How to turn your home into a financial survival kit

December 09, 1990|By David W. Myers | David W. Myers,Los Angeles Times

The nation is teetering on the brink of a recession -- if it isn't in one already. Unemployment is up; economic growth is down. Most economists say that the picture will grow even bleaker next year.

Now, then, is a good time for homeowners who are uncertain about their jobs or economic future to do some planning, using the mortgage and the equity in their homes as a financial parachute.

Of course, tapping the equity or restructuring a current loan should be done with careful thought.

"The equity in your home should be one of the last things you touch if you run into financial trouble," cautioned Jack Blankinship, a partner in the Del Mar, Calif.-based financial planning company of Blankinship & Foster.

"But you shouldn't let your equity or your mortgage stand inviolate if you're afraid that you'll lose your job and run out of cash."

Homeowners uncertain about their job security could refinance their loans now or set up a home-equity line of credit before the ax falls: It is a lot easier to get a loan or obtain a large credit line while employed.

Remember, however, that planning to use home equity as a financial "safety net" during hard times can be risky.

"If you buy a washing machine and miss a few payments, the lender can repossess your washer," said John Cahill, a San Francisco-based financial planner. "But if you borrow against your house and miss a few payments, your lender can take away your home."

One relatively conservative way to use the mortgage as a safety net is to set up a home-equity line of credit.

"The idea is to set the line up now in case you need it later," said Lawrence A. Krause, president of a San Franciso-based financial planning concern that bears his name.

"If you fall on hard times, the credit line will ensure that you have instant access to cash."

Since you won't need to tap your credit line right away, it's probably best to look for a lender who won't charge you much to set the line up.

"It wouldn't really make sense to spend a few hundred or a few thousand dollars to set up a credit line that you might not ever use," said Stacy Ann Schramm, a planner with IDS Financial Services in Pasadena, Calif.

"If you do a little shopping around, you should be able to find a lender who'll give you a credit line with little or no up-front charges."

Indeed, many lenders are advertising credit lines that cost nothing to establish.

Remember, though, that just because a lender charges no up-front points or an application fee to set up the home-equity line, there may be fees for property appraisals, processing, credit reports and the like that could amount to hundreds of dollars.
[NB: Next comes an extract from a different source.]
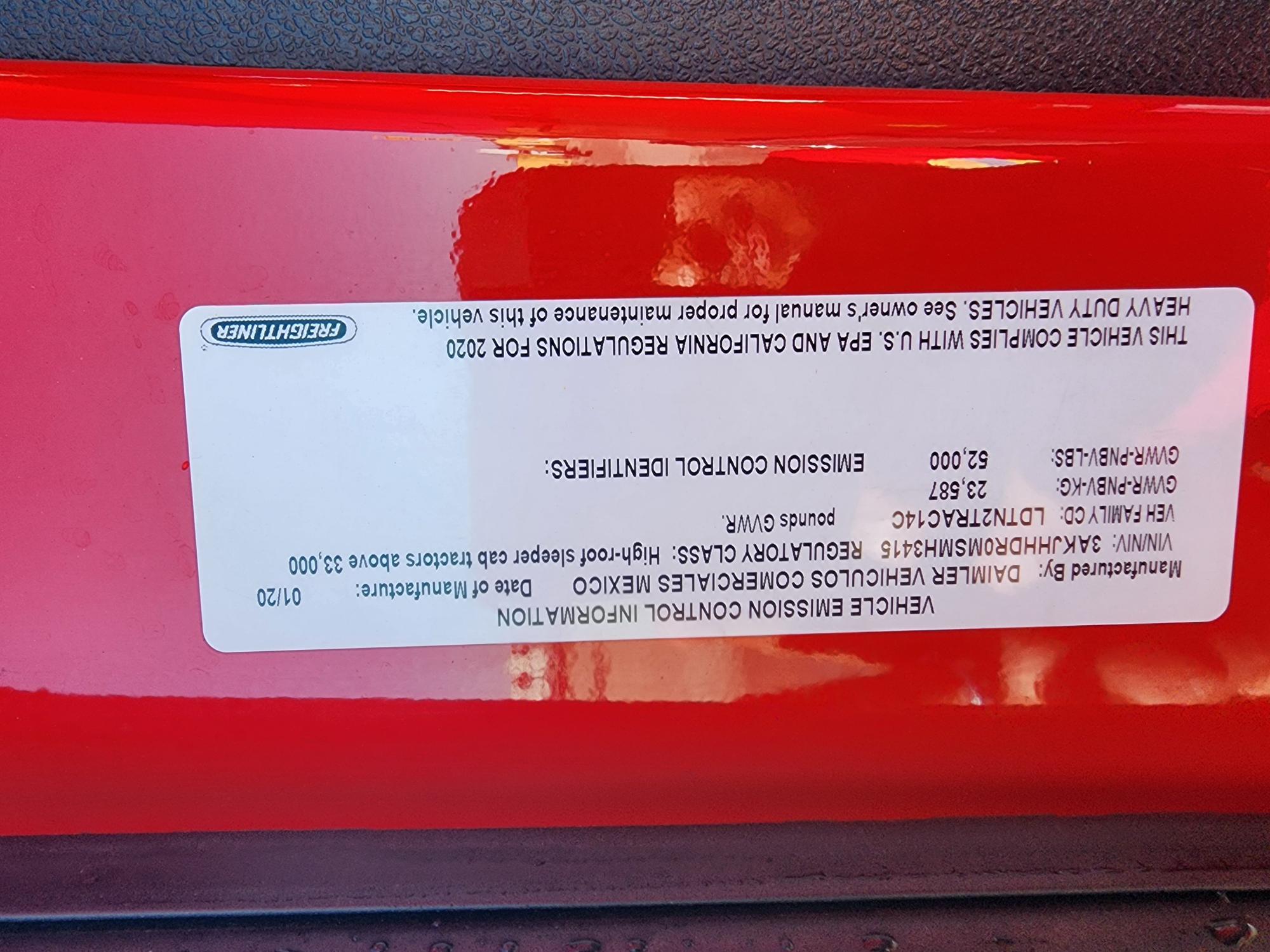 2021 FREIGHTLINER CASCADIA 126SLP - image 23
So, make sure the lender details all charges before agreeing to take the line out.

Also, make sure that you understand how the loan actually works. Since most credit lines have adjustable rates, it is important to know how often the rate is changed and which index is used to make the periodic adjustments.
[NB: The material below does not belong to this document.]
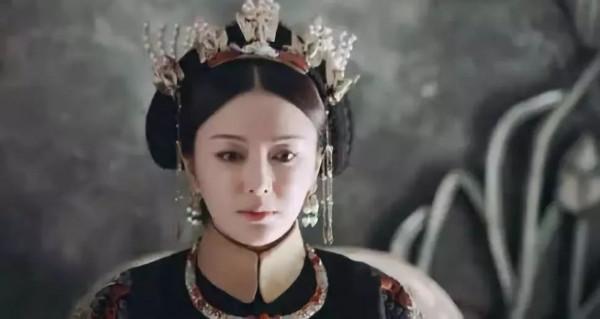 奶奶先嫁給乾隆，孫女後嫁給乾隆，奶奶榮寵一生，孫女孤獨一生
If you are low on savings but have lots of equity built up, you could also consider refinancing your mortgage and drawing out enough cash to tide you over if you lose your job.

For example, let's say that your house cost $100,000 about six years ago. Monthly payments on your $80,000, 11 percent fixed-rate loanare $762.

If you refinanced your home for $100,000 at the going rate of 10 percent, your new monthly payment would be $878.

Although your new payment would be $116 a month higher, you could offset the difference by taking the "extra" $20,000 you had left over and putting it in a money market account paying 8 percent interest.

In addition, you could dip into the $20,000 to make your monthly payments for up to two years if you found yourself out of work for an unusually long period of time.

If your chief goal is to lower your monthly payment, you could consider refinancing your current loan with an adjustable-rate mortgage that carries a low introductory rate.

For example, say you have an 11 percent, fixed-rate loan with an outstanding balance of $120,000. Your monthly payments are about $1,145.

If you refinanced your mortgage with an ARM that will have an 8 percent rate for the first year, your monthly payments would drop to about $881.

"By the time your interest rate (on the new ARM) adjusted to market levels a year or so from now, you'll probably have a new job and will be back on your feet again," said Lewis Wallensky, a financial planner who owns his own firm in Los Angeles.

In fact, Mr. Wallensky said, you might even be able to refinance your mortgage with an ARM, draw out $20,000 or more in cash, and still lower your monthly payments for the next year or two.